Vallières et al. recently investigated the possibility of constructing a prediction model integrating clinical information with radiomics analysis, using advanced machine learning, in patients with HNSCC treated with chemoradiation. 1,615 different radiomic features were extracted from PET and CT pretreatment images of 300 patients, and the results demonstrated the potential of radiomics for assessing the risk of specific tumor outcomes using multiple stratification groups [10].

In this study, we analyzed a cohort of 90 patients with diagnosis of HNSCC using a multivariate Cox model comparing features based on clinical variables and imaging biomarkers. Univariate analysis showed how gender and age are important predictors for OS. The effect of gender on overall survival is a known phenomenon, as shown also recently in the large European multicenter study [37]. This trial reported that a significant effect on OPC survival was apparent for female sex (aHR: 0.50; 95% CI: 0.29–0.85).

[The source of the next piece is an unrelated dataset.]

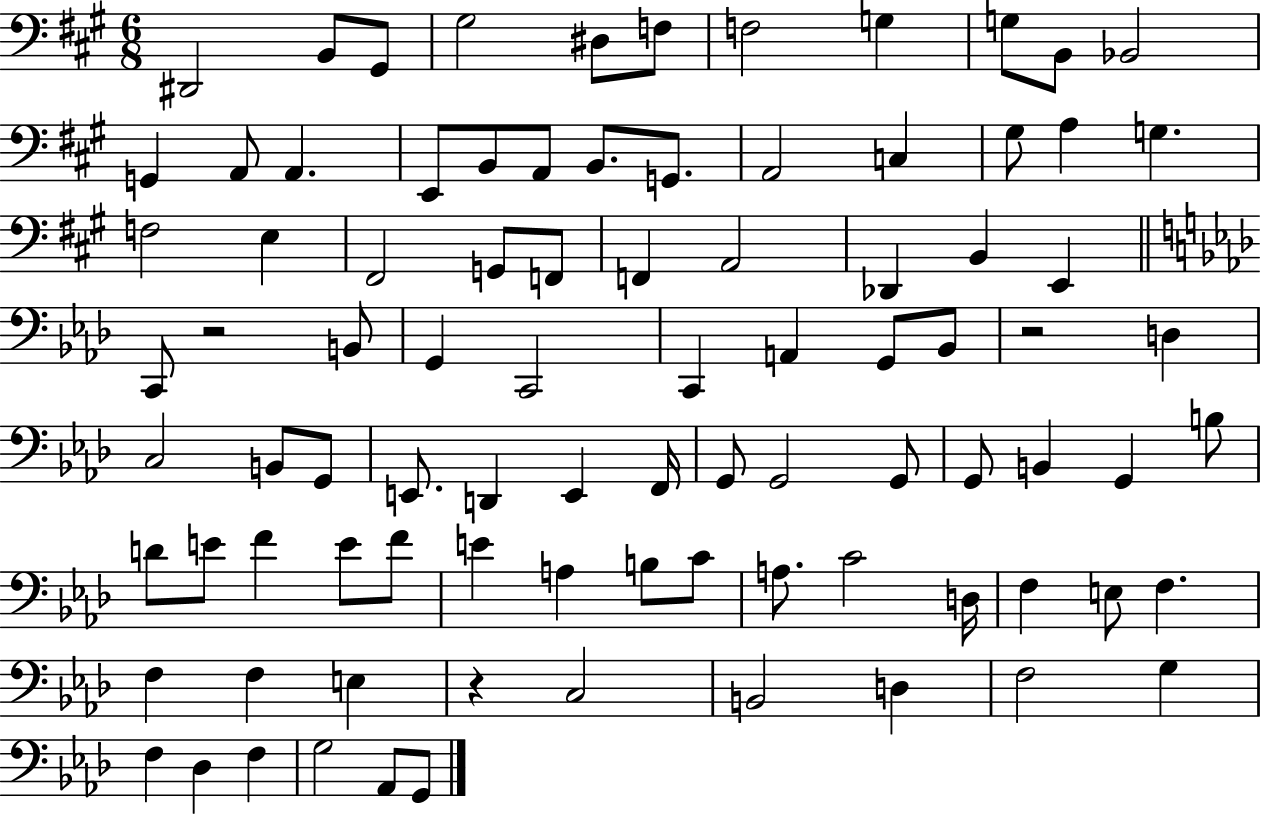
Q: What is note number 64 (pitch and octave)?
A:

Models including imaging biomarkers were always superior to those with only clinical variables, even if only in the case of PFS, we had a statistically significant difference. The multivariable model developed with clinical variables alone scored a c-index of 0.65, whereas including imaging biomarkers, a c-index of 0.76 was reached in predicting patient outcome as PFS. Furthermore, the comparison of the c-index underlined the significance of the difference between the two models. This improvement in patient stratification can be addressed to the introduction of the textural feature LILRE which is strongly associated with patient disease recurrence, as shown in the box plot in Figure 1 and in Kaplan–Meier curves in Figure 3(a) employing the median value of LILRE over the entire population as split value. It is also interesting to notice that this feature can be associated to morphological properties of the image itself. These findings underline the importance of further studies to validate the use of imaging biomarkers to improve patients’ stratification and prognostic accuracy.

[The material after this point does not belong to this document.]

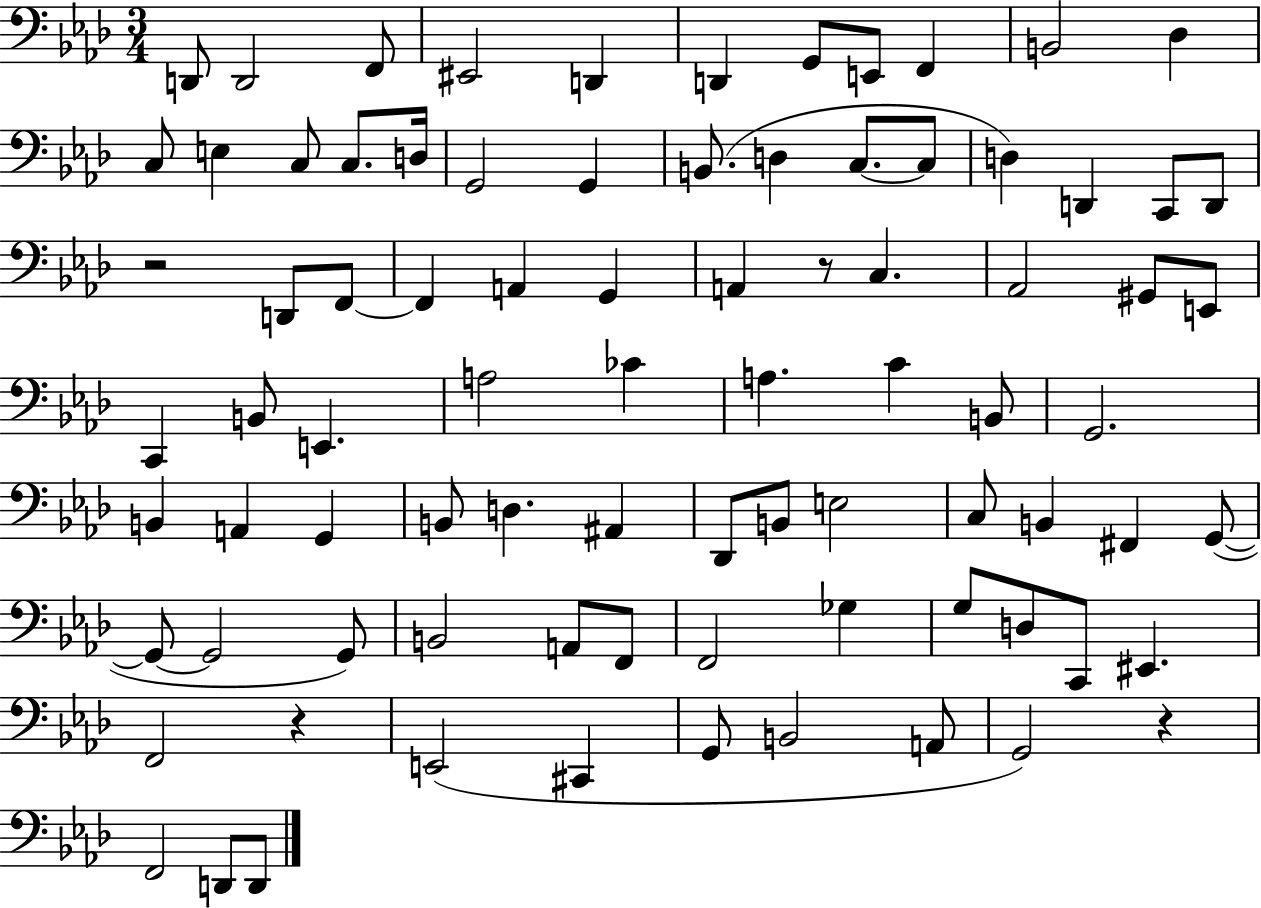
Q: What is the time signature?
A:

Our study has several limitations, and should be considered as a preliminary experience with need for possible methodological and technical refinements, beyond independent external validation. It is a retrospective study with a relatively small population. The characteristics of enrolled patients were heterogeneous, as well as disease sites, and the selection of treatment might be biased, so that the significance of features can be underestimated.

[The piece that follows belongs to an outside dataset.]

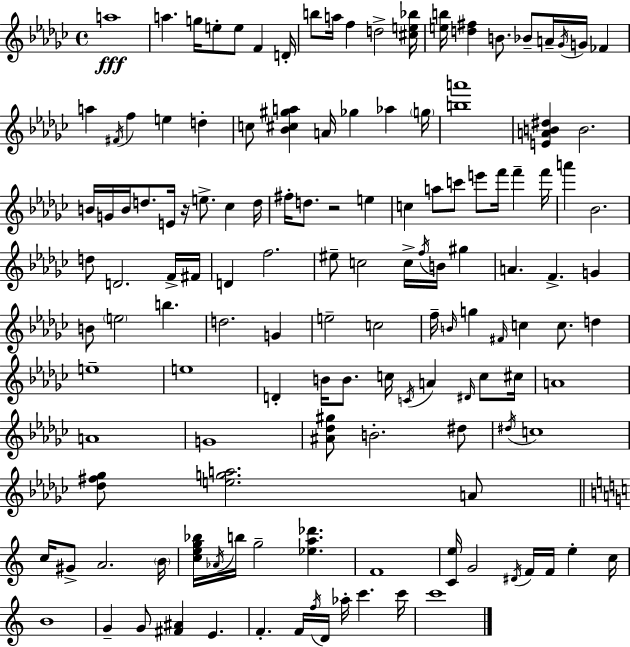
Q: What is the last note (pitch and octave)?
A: C6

Despite this, it seems that heterogeneity is not influencing the results as no standard Cox regression models gives any statistically significant association with survival in this cohort. Furthermore, no correlation was found between our main predictor (LILRE) and tumor site. Additionally, HPV status was not determined in all patients, and it has not been considered as a predictive factor. Although especially in oropharyngeal cancer infection with HPV has a predictive value for treatment response [4, 38], no different radiomic features were identified between HPV-positive and HPV-negative patients.

In the other two analyses, statistically significant differences in some texture features between HPV+ and HPV− HNSCC were found, even if a single radiomic feature may not have enough predictive power [39, 40].

Despite the limitations of this study, our results appear to be promising. In order to confirm these findings, external validation will be performed, and for the case of oropharynx, tumor HPV infection data will be included.

5. Conclusion

We compared a clinical variables alone statistical model with another one which includes imaging biomarkers. Superiority of the imaging biomarkers model was proven in the case of PFS. Further studies will be aimed at confirming our findings with an external dataset and to demonstrate the superiority of models comprising imaging biomarkers also for overall survival.

Data Availability

The data used to support the findings of this study are available from the corresponding author upon request.

Conflicts of Interest

The authors declare that they have no conflicts of interest.